Die beiden diskutierten Texte sind einem sehr umfangreichen und unablässig wachsenden Quellenpool entnommen. Der sogenannte Jesusroman erfreut sich historisch wie gegenwärtig zumindest auf der Produktionsseite größter Beliebtheit (vgl. die imposanten Zahlen in Crook 2011, 504). Die beiden exemplarischen Untersuchungen mögen bestenfalls kenntlich gemacht haben, dass eine Beschäftigung, die auf die jeweiligen Sterbeerzählungen achtet, produktiv sein kann. Das Sterben Jesu ist zuletzt in theologischer Perspektive eine Lebensphase unter Lebensphasen. In Verbindung mit dem Kontrastereignis der Auferweckung bildet es die Grundlage der christlichen Überzeugung, dass der Tod durch das Auferweckungshandeln Gottes an Christus letztlich dem Leben unterliegen wird (vgl. Dalferth 1998). „Tod, wo ist Dein Sieg, Tod, wo ist dein Stachel?“ (1. Kor 15,55). Diese maximale Befrachtung schlägt offensichtlich durch auf die vor- wie die spätmodernen literarischen Gestaltungen des Sterbens Jesu, die sich insofern als Form der narrativen Exegese begreifen lassen.

Abschließend einige Gesichtspunkte, die zur weiteren Entfaltung der exponierten Zusammenhänge von besonderem Interesse sein dürften.

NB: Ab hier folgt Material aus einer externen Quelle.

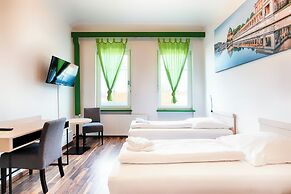 Hotel B1 & Hotel B1 Tourist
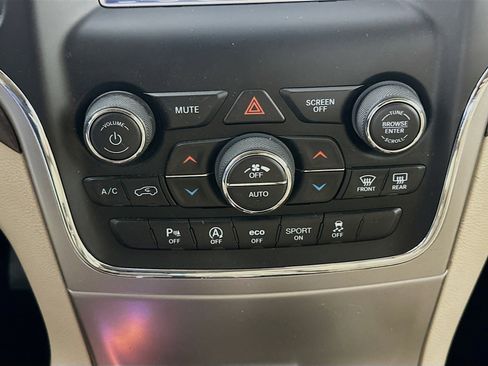 Used 2018 Jeep Grand Cherokee Laredo RWD image 22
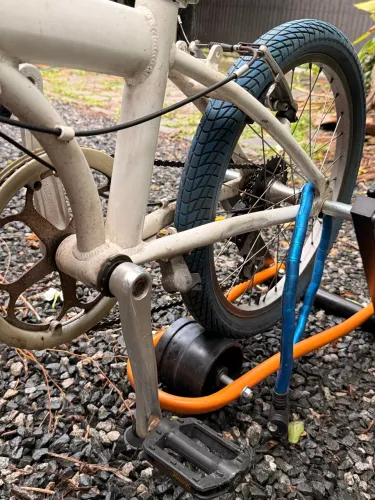 Bicicleta Dobrável - Quadro de Alumínio - 6 Marchas Shimano - R$ 650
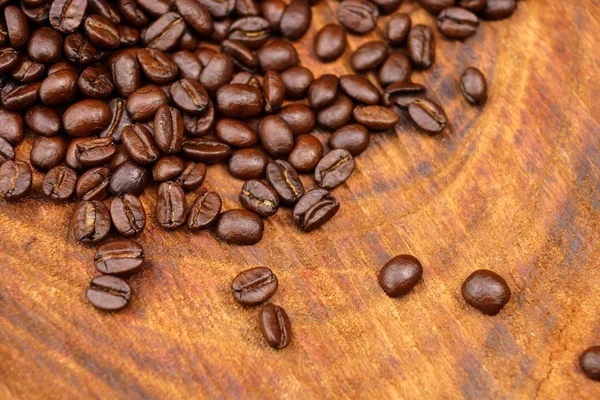 Kaffeebohne auf Holz Hintergrund — Stockfoto
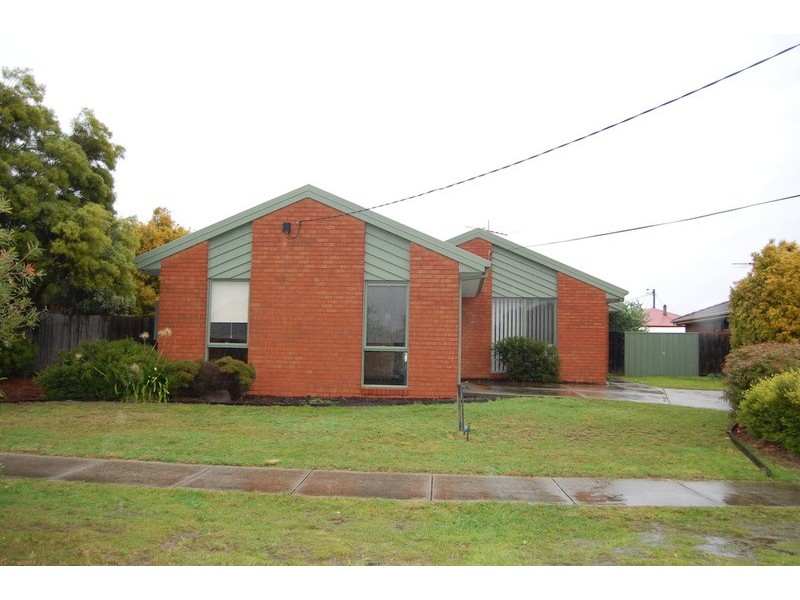 54 Maple Crescent, Hoppers Crossing VIC 3029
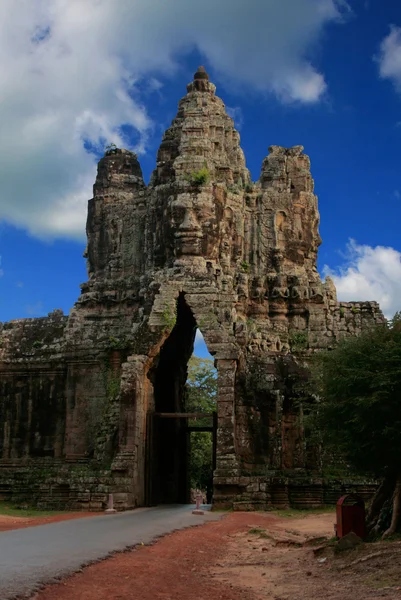 Angkor thom Südtor — Stockfoto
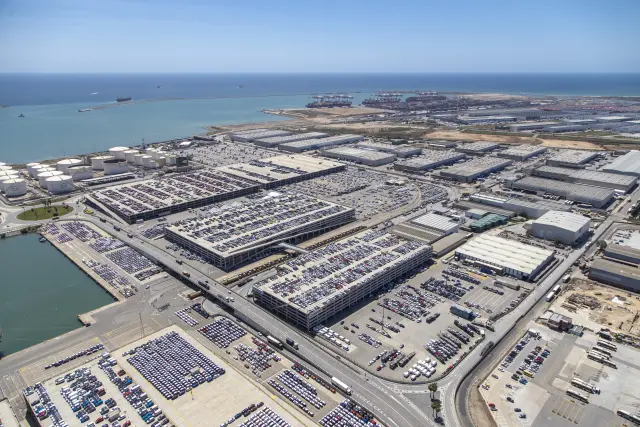 Vista aérea de las instalaciones del puerto.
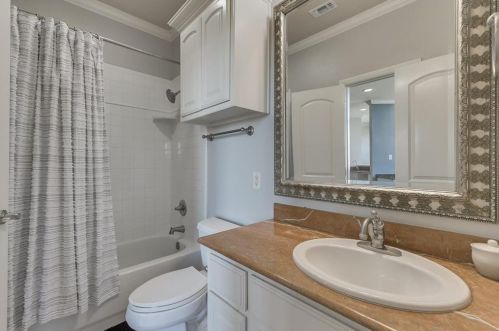 621 Birch Ct, Argyle TX 76226 exterior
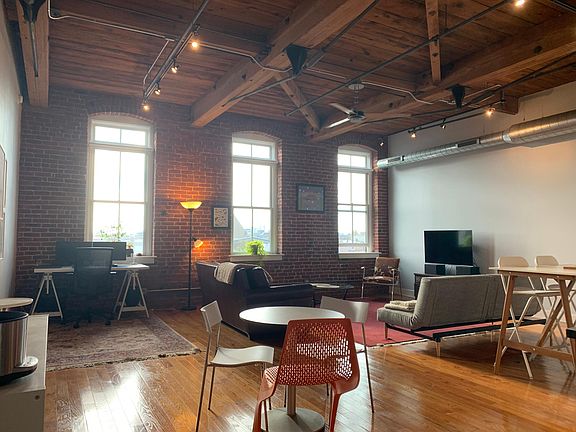 3rd image of 2551 Trenton Ave #303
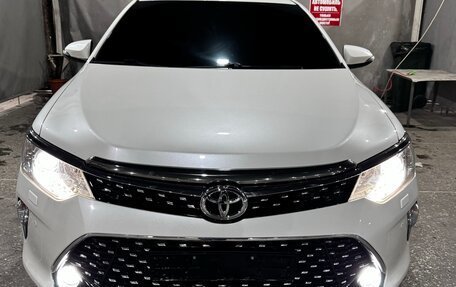 Toyota Camry, 2016 год, 1 900 000 рублей, 3 фотография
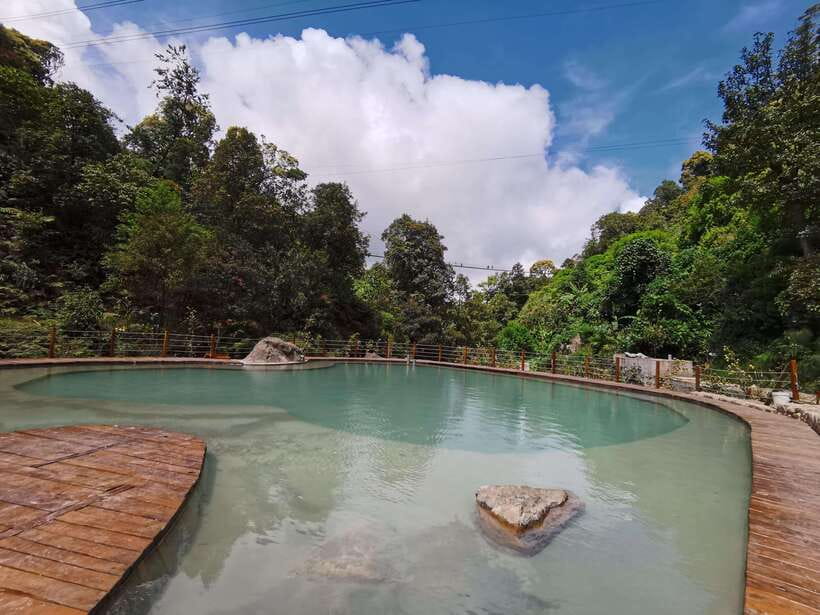 Jakarta: Volcano or Suspension Bridge,Ricefield & Hot Spring - What the $51 price really covers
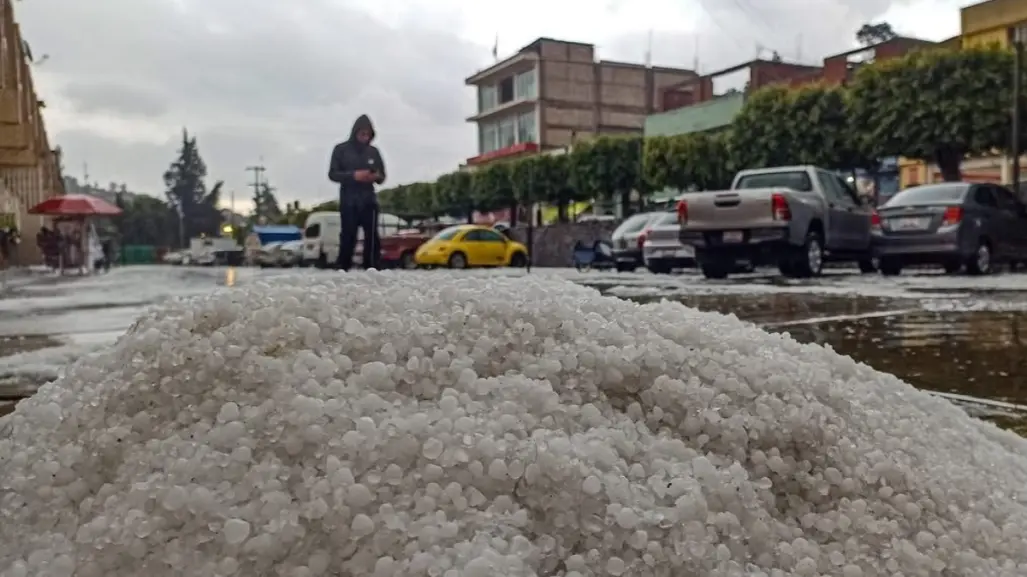 ¿Navidad en septiembre? Tlaxcala se cubre de blanco tras caída de nieve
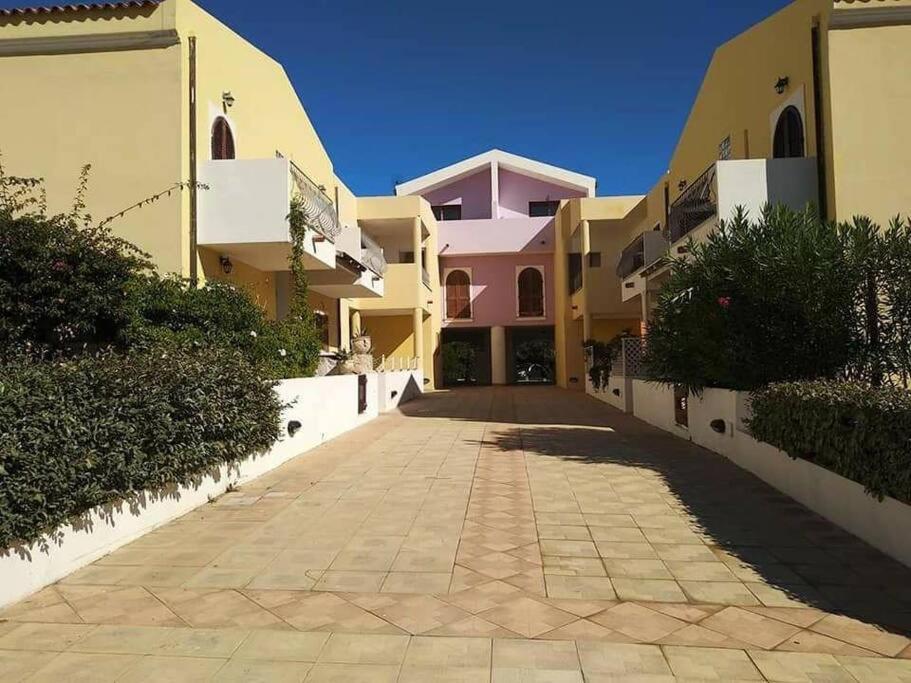 Case Vacanze A Santa Teresa Di Gallura Bagian luar foto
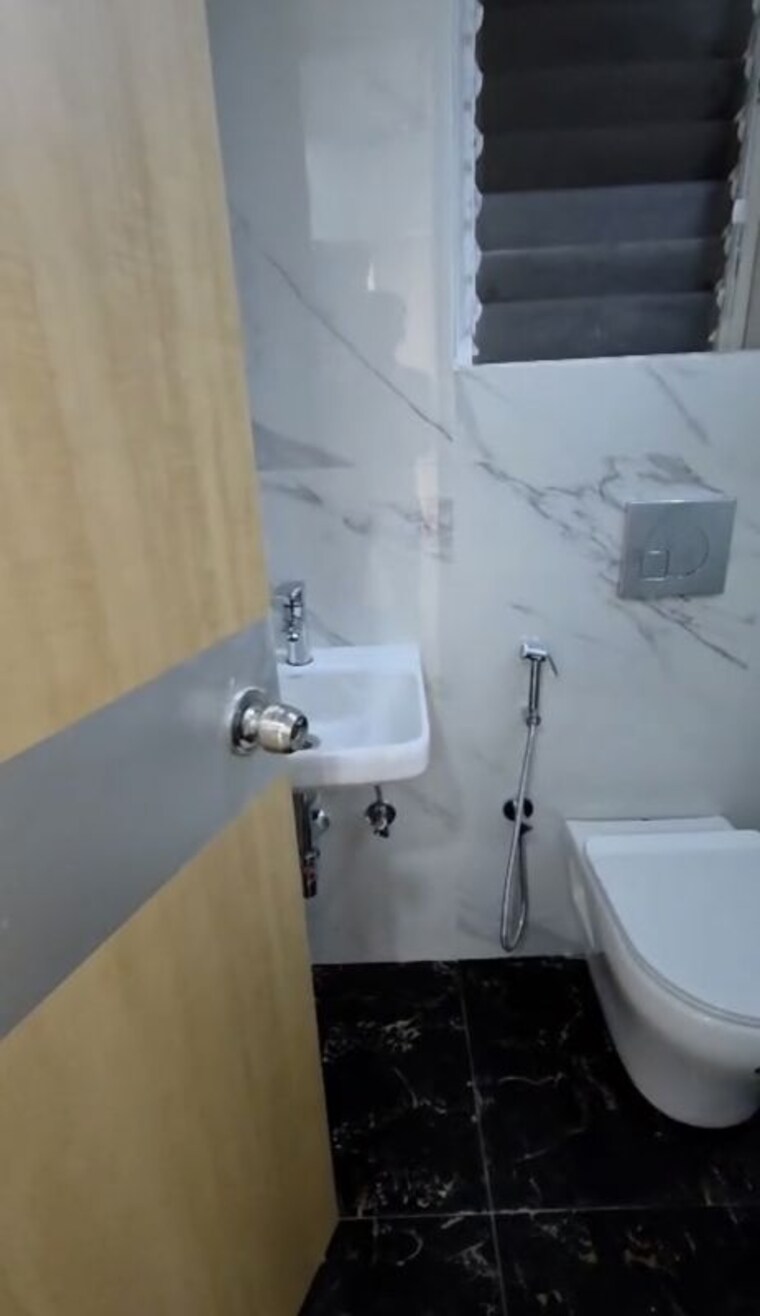 Bathroom, rup nagar 1 Bedroom 400 Sq.Ft. Apartment In Rup Nagar Mumbai 10538831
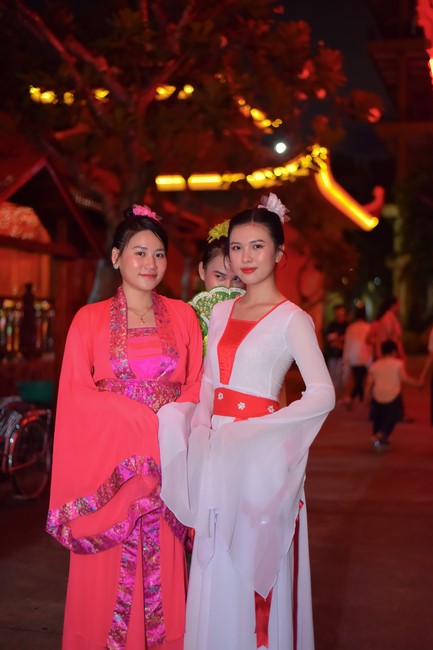 Full-Moon Festival performance program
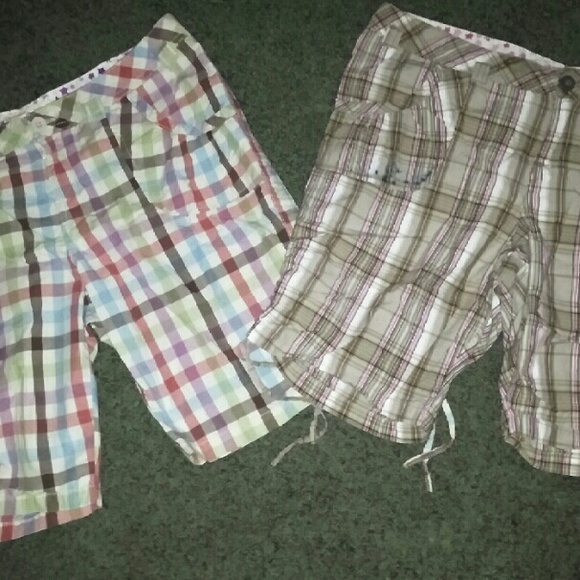 2 PLAID SHORTS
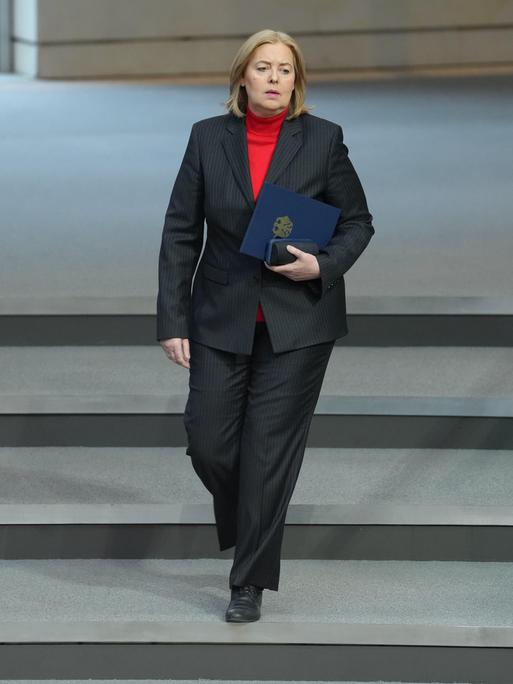 Bärbel Bas geht mit einer Mappe unter dem Arm die Treppe zum Plenarsaal hinunter auf dem Weg zur Regierungsbank.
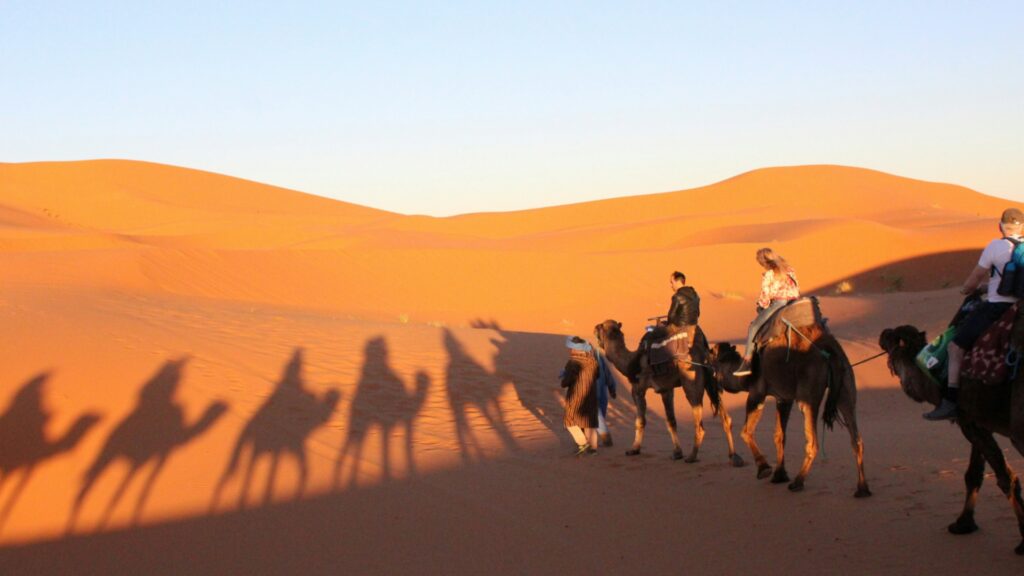 Dunas del desierto de Marruecos al atardecer en el Sahara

  1. Mit Bezug auf die Faktur von Sterbeerzählungen en gros wäre nach dem Typus autobiographisch angelegter Jesus-Erzählungen zu fragen: Wie gehen die Texte damit um, dass sich das eigene Sterben (wie zuvor angedeutet) aus erzähllogischen Gründen einer narrativen Darstellung entzieht? Wie nah erzählt Jesus in diesen Fällen an Golgatha heran? Welche anderen Instanzen übernehmen nach dem „Tod des Erzählers“ (Belling 2004) allenfalls den Erzählfaden? Gibt es etwa autobiographisch angelegte Erzählungen, die aus der Osterperspektive auf Golgatha zurückblicken? Als Beispiel: Im Fall von Jürg Amanns Vater, warum hast du mich verlassen? – im Untertitel als Die Autobiographie Jesu Christi ausgewiesen – endet die Erzählung mit den folgenden Sätzen „Dann luden sie mir das Kreuz auf die Schultern. Klaglos nahm ich alles hin. Aber in mir schrie es: Vater, Vater, warum hast du mich verlassen?“ (Amann 2013, 111) Auch wenn die Erzählung an dieser Stelle ‚korrekt‘ abbricht, lässt sich etwa die erzähllogische Frage stellen, wie die mediale Überlieferung dieses Finales zu denken ist.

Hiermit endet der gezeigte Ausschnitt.